Jobs can be run over multiple threads, just provide the number of threads to Builder::build

use gaffer::{Builder, Job, MergeResult, NoExclusion, Prioritised};
use std::time::Duration;

fn main() -> Result<(), Box<dyn std::error::Error>> {
    let runner = Builder::new().build(10);

    for i in 1..=50 {
        runner.send(WaitJob(format!("Job {}", i)))?;
    }

    println!("Jobs enqueued");
    std::thread::sleep(Duration::from_secs(7));
    Ok(())
}

#[derive(Debug, Clone)]
struct WaitJob(String);

impl Job for WaitJob {
    type Exclusion = NoExclusion;

    fn exclusion(&self) -> Self::Exclusion {
        NoExclusion
    }

    fn execute(self) {
        std::thread::sleep(Duration::from_secs(1));
        println!("Completed job {:?}", self);
    }
}

/// This Job isn't actually prioritised but this trait needs to be implemented for now
impl Prioritised for WaitJob {
    type Priority = ();

    fn priority(&self) -> Self::Priority {}

    const ATTEMPT_MERGE_INTO: Option<fn(Self, &mut Self) -> MergeResult<Self>> = None;

    fn matches(&self, _job: &Self) -> bool {
        false
    }
}

Priority throttling

Lower priority jobs can be restricted to less threads to reduce the load on system resources and encourage merging (if using).

Use Builder::limit_concurrency.

use gaffer::{Builder, Job, MergeResult, NoExclusion, Prioritised};
use std::time::Duration;

fn main() -> Result<(), Box<dyn std::error::Error>> {
    let runner = Builder::new()
        .limit_concurrency(|priority| (priority == 1).then(|| 1))
        .build(4);

    for (i, priority) in (1..=10).zip([1, 2].iter().cycle()) {
        runner.send(PrioritisedJob(format!("Job {}", i), *priority))?;
    }

    println!("Jobs enqueued");
    std::thread::sleep(Duration::from_secs(7));
    Ok(())
}

#[derive(Debug, Clone)]
struct PrioritisedJob(String, u8);

impl Job for PrioritisedJob {
    type Exclusion = NoExclusion;

    fn exclusion(&self) -> Self::Exclusion {
        NoExclusion
    }

    fn execute(self) {
        std::thread::sleep(Duration::from_secs(1));
        println!("Completed job {:?}", self);
    }
}

impl Prioritised for PrioritisedJob {
    type Priority = u8;

    /// This Job is prioritied
    fn priority(&self) -> Self::Priority {
        self.1
    }

    const ATTEMPT_MERGE_INTO: Option<fn(Self, &mut Self) -> MergeResult<Self>> = None;

    fn matches(&self, _job: &Self) -> bool {
        false
    }
}

Future jobs

Use a [Promise] in the job to allow awaiting job results in async code.
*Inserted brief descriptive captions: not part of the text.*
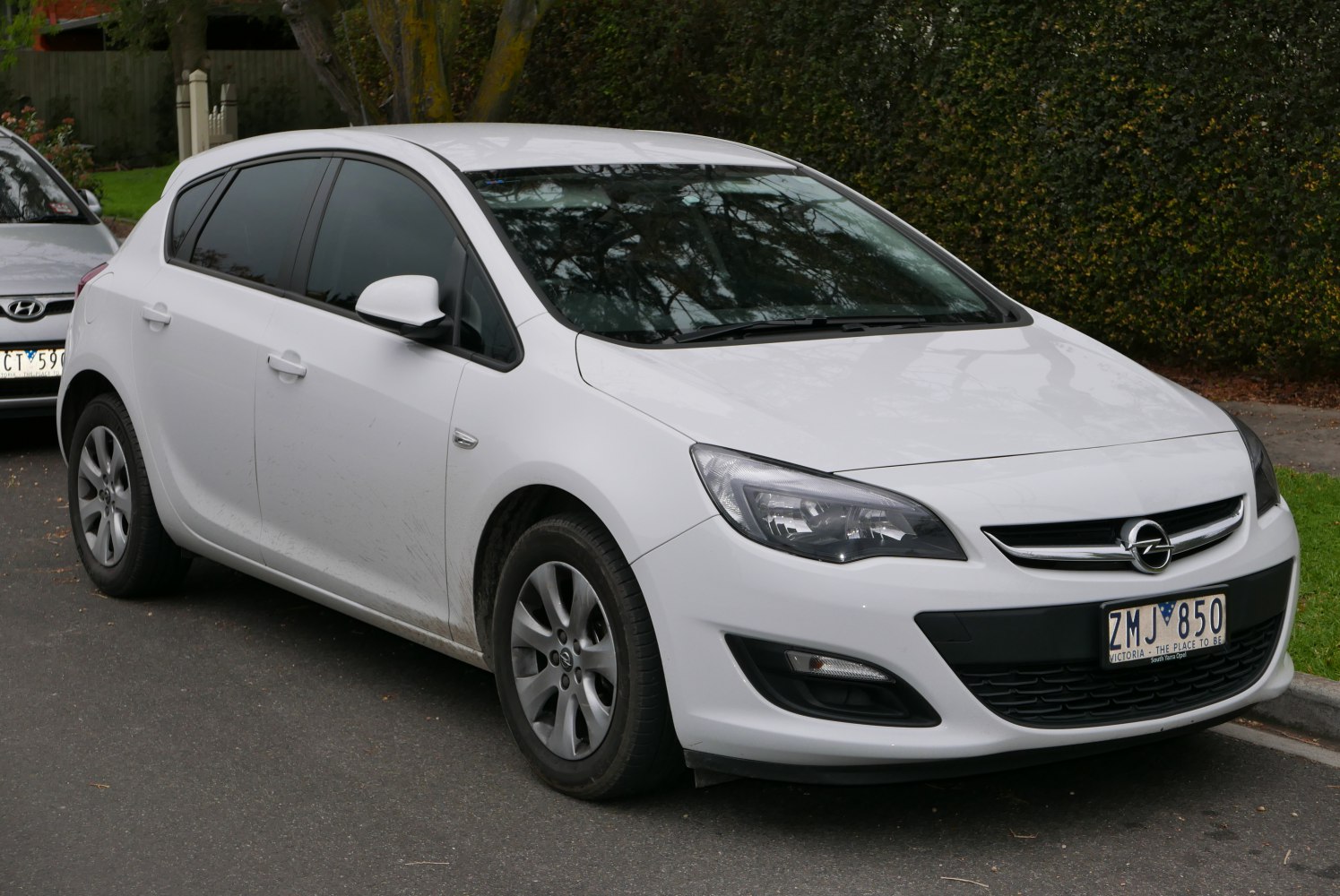 White hatchback showing front side with headlights and alloy wheels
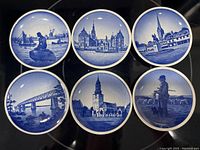 Six blue and white Danish porcelain butter pats illustrating historical landmarks and scenes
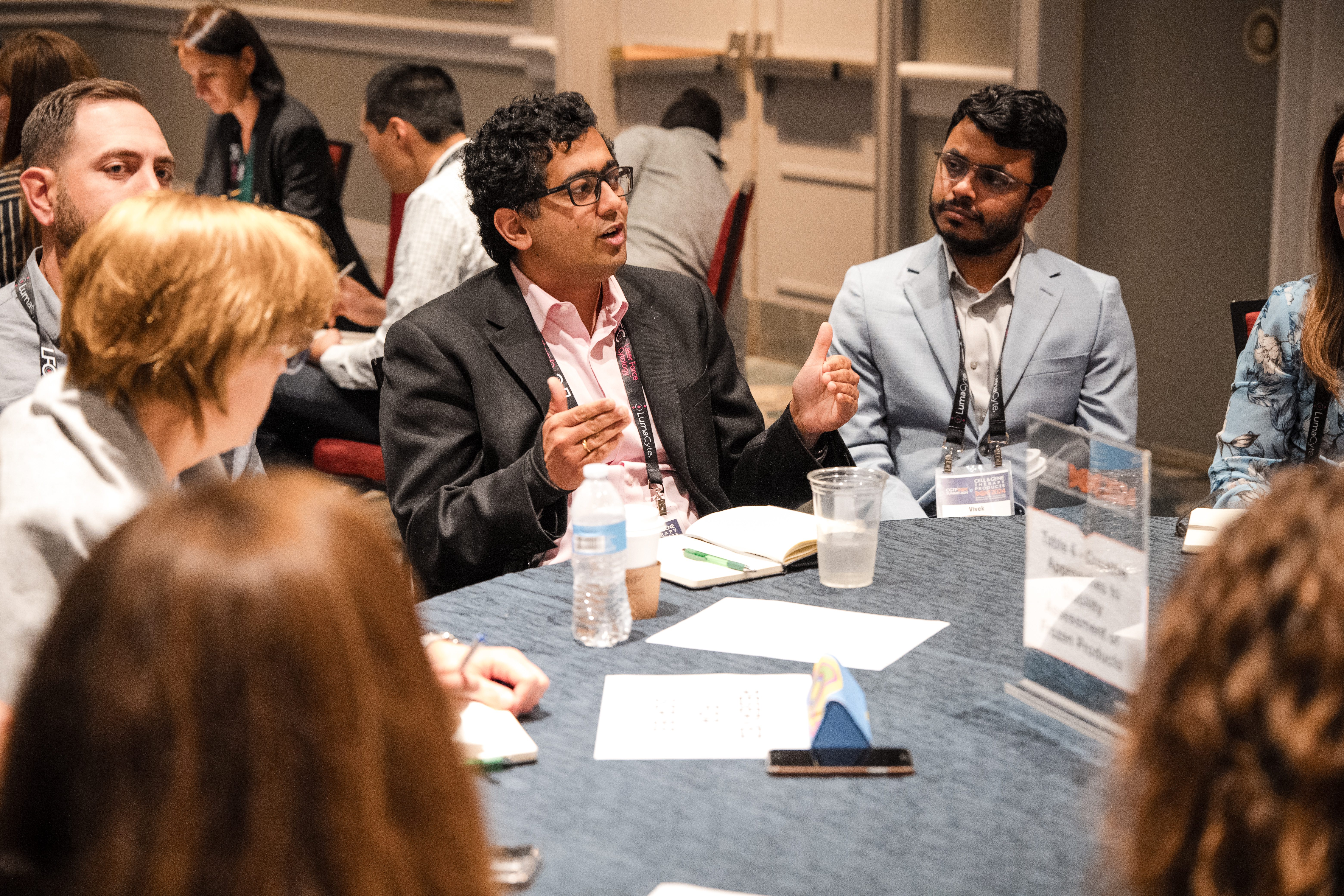 People around table discussing topics. Focus on man with hand motions while discussing.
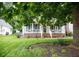 Charming home with a covered front porch, white pillars, and a well-manicured lawn at 907 Stuart Dr, Mebane, NC 27302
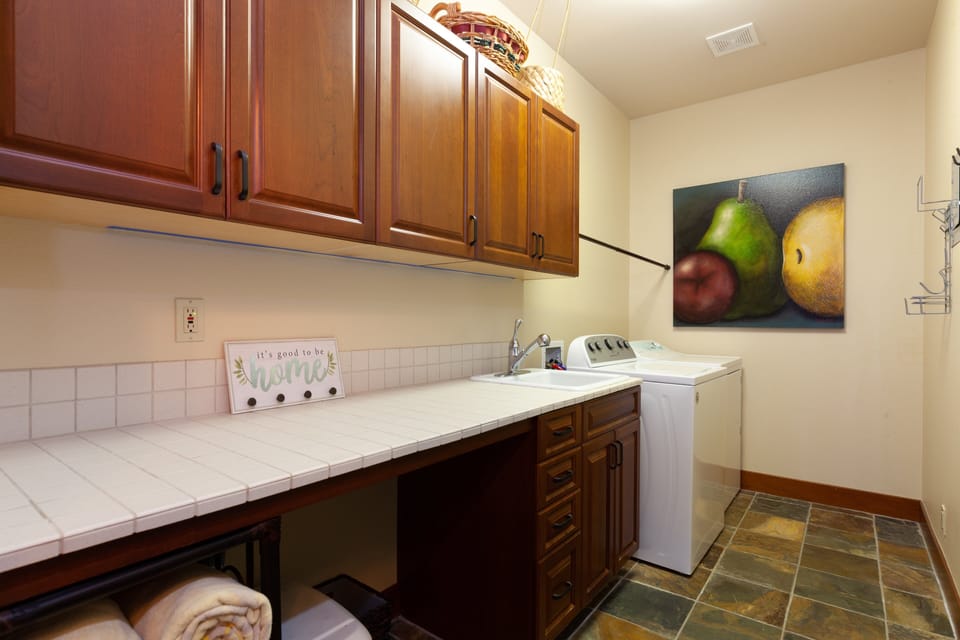 Spacious in home laundry with detergent and supplies provided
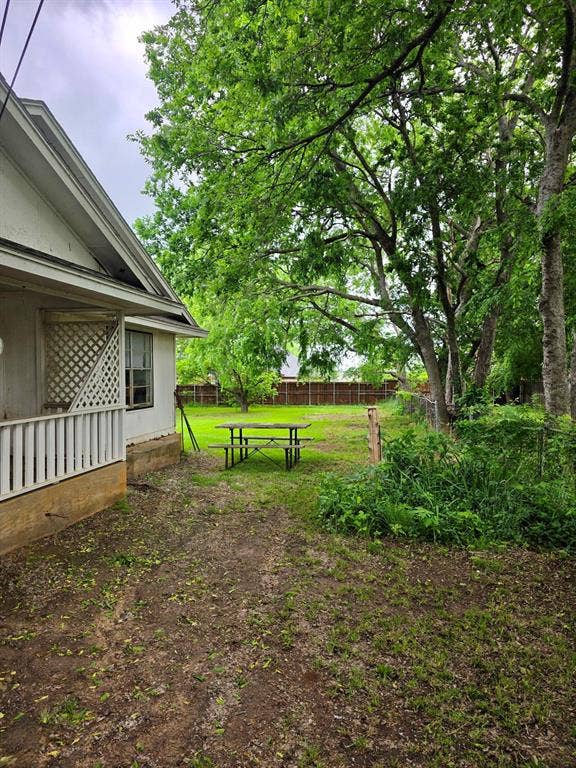 417 W Huffman Street, Krum, TX 76249 Spacious backyard featuring mature trees, a wood privacy fence, and an exterior wall with lattice detailing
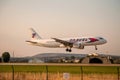 Large airliner just before landing in the evening at sunset. Royalty Free Stock Photo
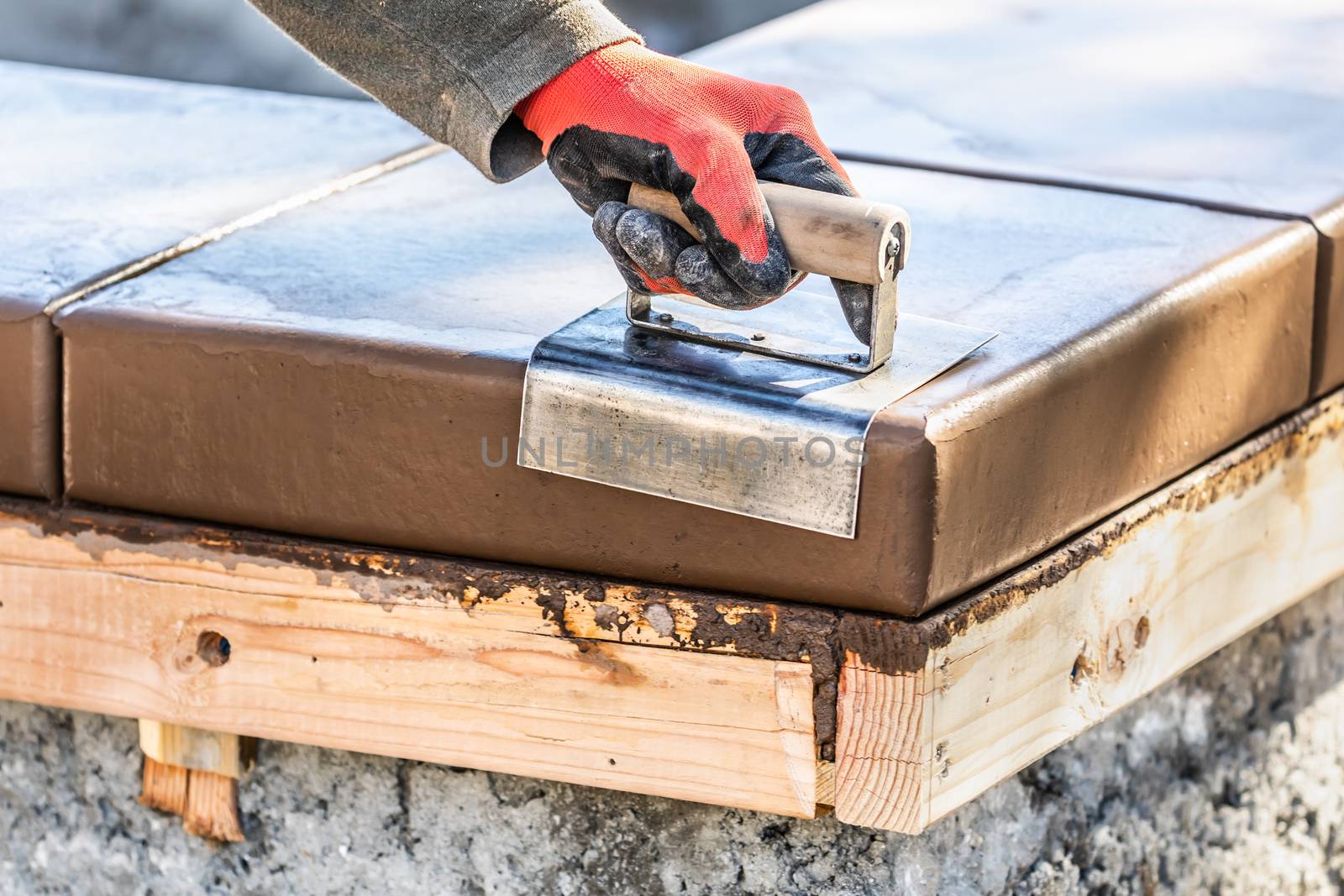 Construction Worker Using Stainless Steel Edger On Wet Cement Fo by Feverpitched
When combined with merging, all the futures of the merged jobs will complete with clones of the single job which actually ran

use gaffer::{
    future::{Promise, PromiseFuture},
    Builder, Job, JobRunner, MergeResult, NoExclusion, Prioritised,
};
use std::time::Duration;

use futures::{executor::block_on, FutureExt, StreamExt};

fn main() -> Result<(), Box<dyn std::error::Error>> {
    let runner = Builder::new().build(1);

    let mut futures: futures::stream::SelectAll<_> = (10..=50)
        .filter_map(|i| {
            ProcessString::new(format!("Job {}", i), &runner)
                .ok()
                .map(|f| f.into_stream())
        })
        .collect();
    println!("Jobs enqueued");

    block_on(async {
        while let Some(result) = futures.next().await {
            let processed_string = result.unwrap();
            println!(">> {}", processed_string);
        }
    });
    Ok(())
}

struct ProcessString(String, Promise<String>);

impl ProcessString {
    fn new(
        name: String,
        runner: &JobRunner<ProcessString>,
    ) -> Result<PromiseFuture<String>, crossbeam_channel::SendError<ProcessString>> {
        let (promise, future) = Promise::new();
        runner.send(ProcessString(name, promise))?;
        Ok(future)
    }
}

/// Clone is needed for recurring jobs which doesn't make sense for promises, it is a deficiency in the api that Clone needs to be implemented here and it won't be called
impl Clone for ProcessString {
    fn clone(&self) -> Self {
        panic!()
    }
}

impl Job for ProcessString {
    type Exclusion = NoExclusion;

    fn exclusion(&self) -> Self::Exclusion {
        NoExclusion
    }

    fn execute(self) {
        println!("Processing job {}", self.0);
        std::thread::sleep(Duration::from_secs(1));
        self.1.fulfill(format!("Processed : [{}]", self.0));
    }
}

/// This Job isn't actually prioritised but this trait needs to be implemented for now
impl Prioritised for ProcessString {
    type Priority = ();

    fn priority(&self) -> Self::Priority {}

    const ATTEMPT_MERGE_INTO: Option<fn(Self, &mut Self) -> MergeResult<Self>> =
        Some(|this, that| {
            if this.matches(that) {
                that.0 = format!("{}x", &that.0[..that.0.len() - 1]);
                that.1.merge(this.1);
                MergeResult::Success
            } else {
                MergeResult::NotMerged(this)
            }
        });

    fn matches(&self, that: &Self) -> bool {
        self.0[..self.0.len() - 1] == that.0[..that.0.len() - 1]
    }
}

Usage

[dependencies]
gaffer = { git = "ssh://git@github.com/survemobility/gaffer.git", branch = "pr-1" }

Modules

Promises which can be used by a job to complete a future from another thread. Promises can also be merged, a merged promise completes all the merged futures at the same time.

Structs

Builder of JobRunner

Top level structure of the crate. Currently, recirring jobs would keep being scheduled once this is dropped, but that will probably change.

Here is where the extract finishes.